Republicans play clean up on aisle Trump after former president’s NATO comments

When former president Donald Trump recalled a story at a campaign rally in South Carolina over the weekend about telling a European ally the U.S. would not defend them against Russia unless they spent more on defense, the reaction was swift and unsurprising.

The White House, in an uncharacteristic comment, called Trump’s story, where he allegedly told a fellow world leader he would encourage Russia to “do whatever the hell they want” to countries that did not meet NATO spending targets, “appalling and unhinged.”

NATO leadership said the suggestion that any member country would violate Article 5’s mandate that an attack on one is an attack on all “undermines all of our security,” while Republican lawmakers in Washington, D.C. had to answer questions about the remarks in interviews on television and in the hallways of the Capitol.

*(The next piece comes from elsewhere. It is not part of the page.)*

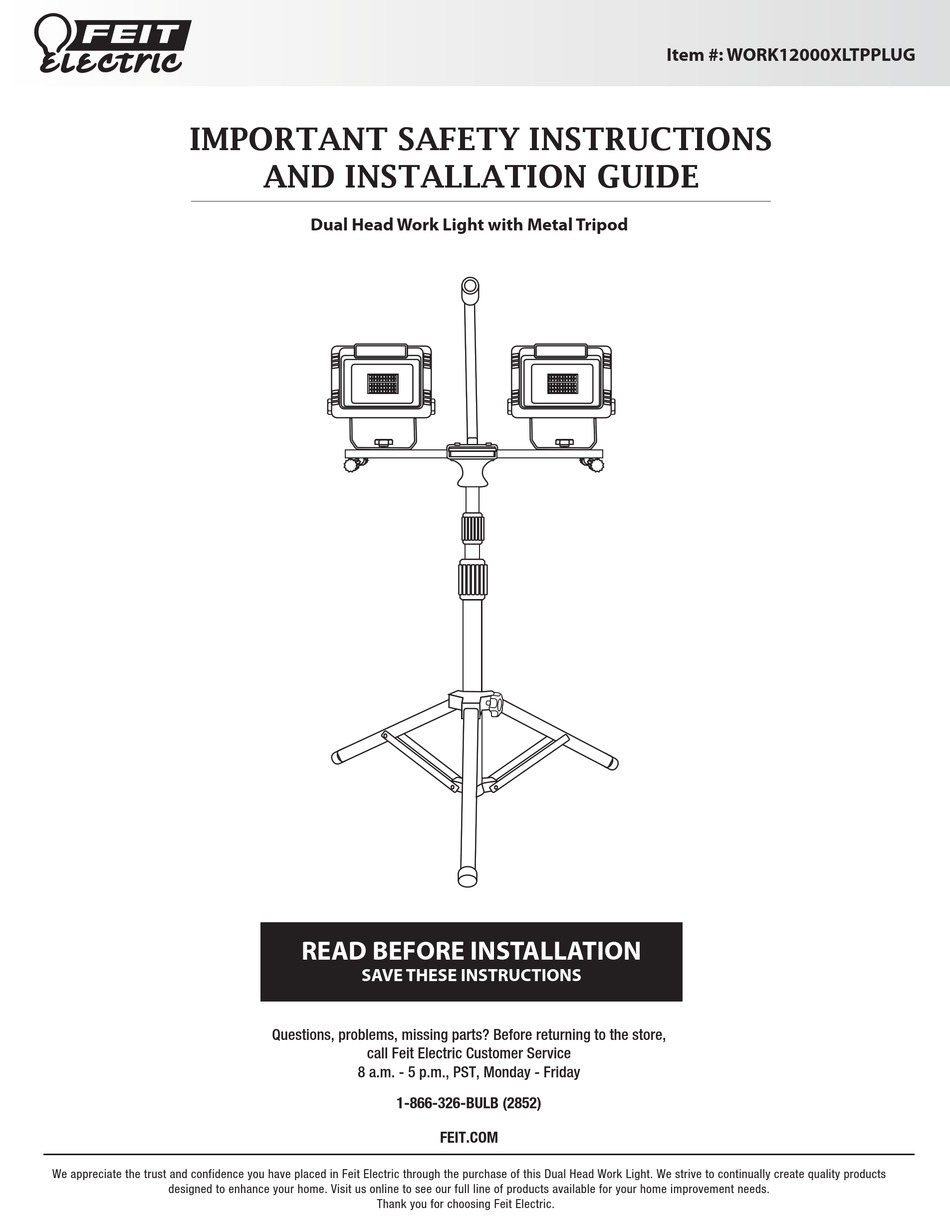 FEIT ELECTRIC WORK12000XLTPPLUG IMPORTANT SAFETY INSTRUCTIONS AND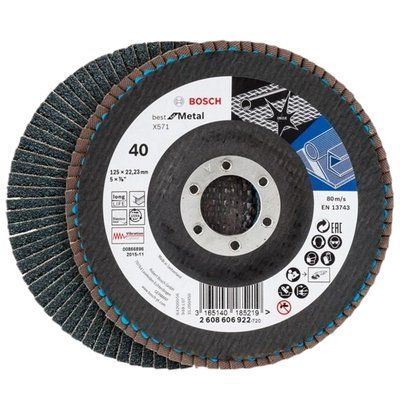 Bosch X571 125 мм K40 (2608606922) Лепестковый шлифкруг 99-00014204 фото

The inevitable cycle of Trump’s controversial statements and stances are nothing new since his first run for president in 2016, and neither are the inevitable responses and the weight those comments are given among various groups.

His opponents say to take him literally and seriously, Republican voters say to take him seriously but not literally and many of his allies in elected office often try to do neither.

Take the NATO remarks at a rally in Conway, S.C. on Saturday. The next day, Sen. Marco Rubio, R-Fla., a cosponsor of legislation that would prevent a president from leaving NATO without Senate approval, dismissed concerns about Trump’s assertions.

“One of the things I’m not going to do any longer is respond to every comment Donald Trump makes and say, ‘Do you still support him?'” he said on CNN. “I do, and I support him because Joe Biden’s a disaster.”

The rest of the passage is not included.